• **Record extracts**
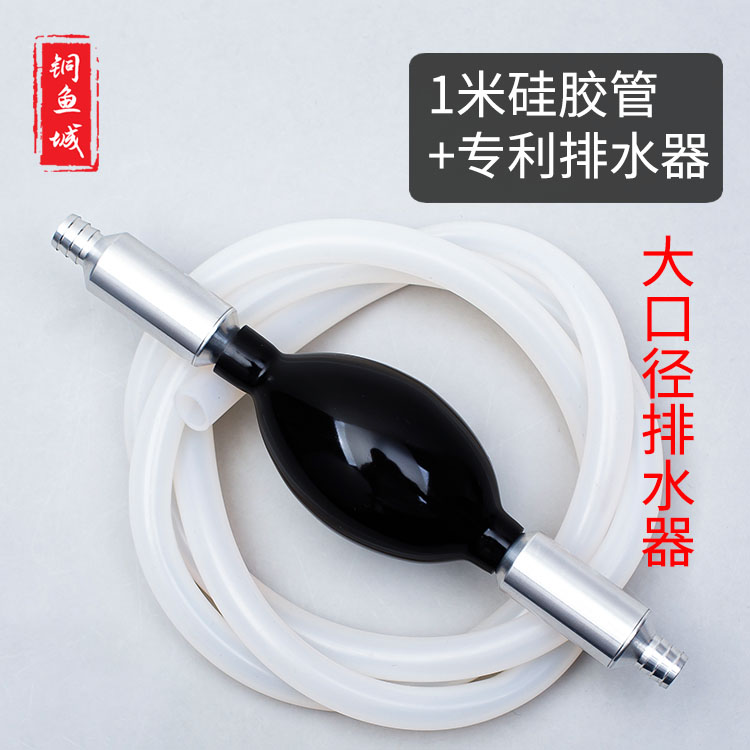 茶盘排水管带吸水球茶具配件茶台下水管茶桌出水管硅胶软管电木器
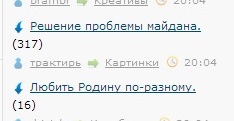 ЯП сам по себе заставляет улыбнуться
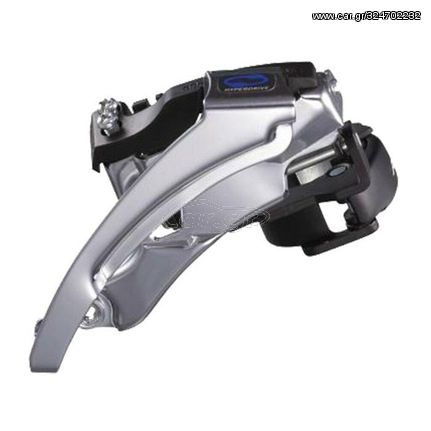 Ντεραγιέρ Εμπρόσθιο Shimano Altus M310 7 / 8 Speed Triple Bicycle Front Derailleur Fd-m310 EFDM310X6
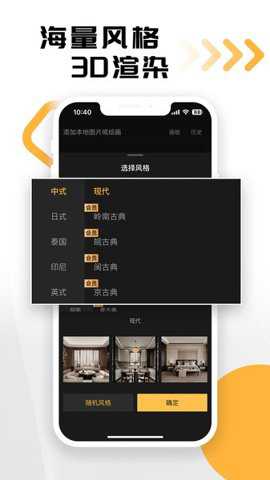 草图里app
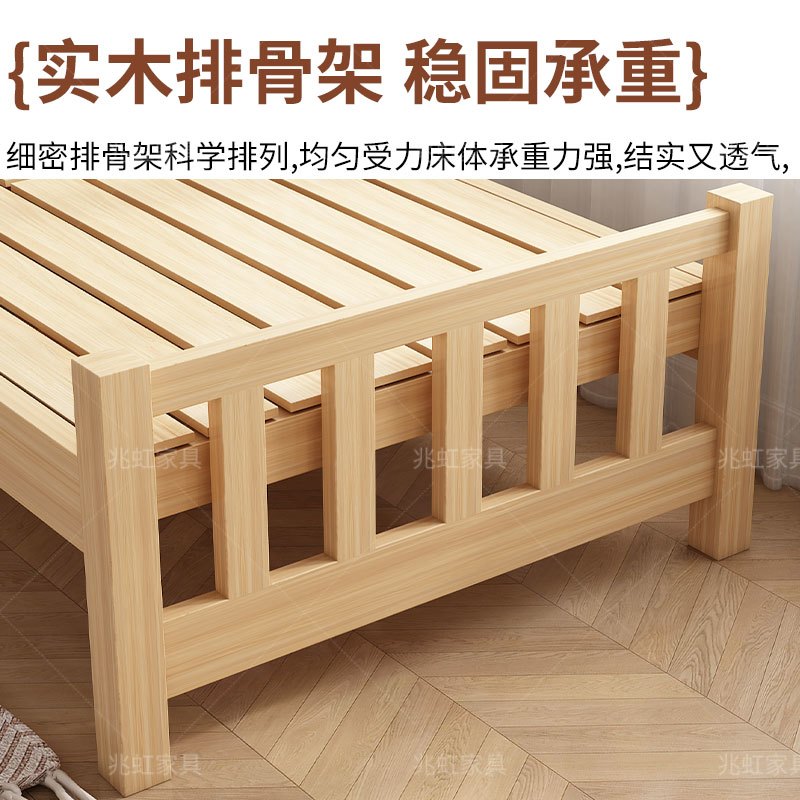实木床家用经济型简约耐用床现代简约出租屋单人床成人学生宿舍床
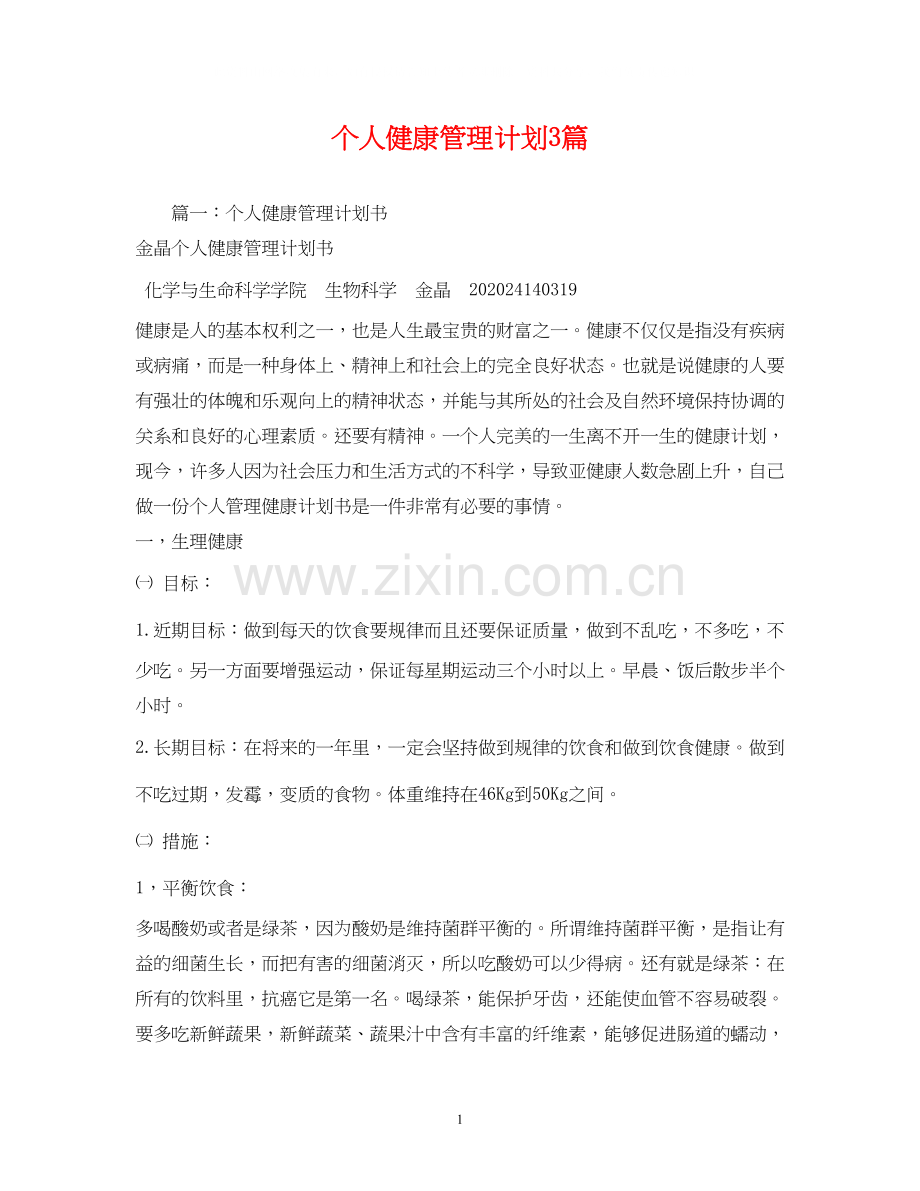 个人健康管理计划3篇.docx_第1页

• **Directions**
Please copy exactly the lines from the one that contains "ЯП сам по себе заставляет улыбнуться" through the last line of the listing above, leaving out the pictures.

• **Exercise answer**
 ЯП сам по себе заставляет улыбнуться
 Ντεραγιέρ Εμπρόσθιο Shimano Altus M310 7 / 8 Speed Triple Bicycle Front Derailleur Fd-m310 EFDM310X6
 草图里app
实木床家用经济型简约耐用床现代简约出租屋单人床成人学生宿舍床
 个人健康管理计划3篇.docx_第1页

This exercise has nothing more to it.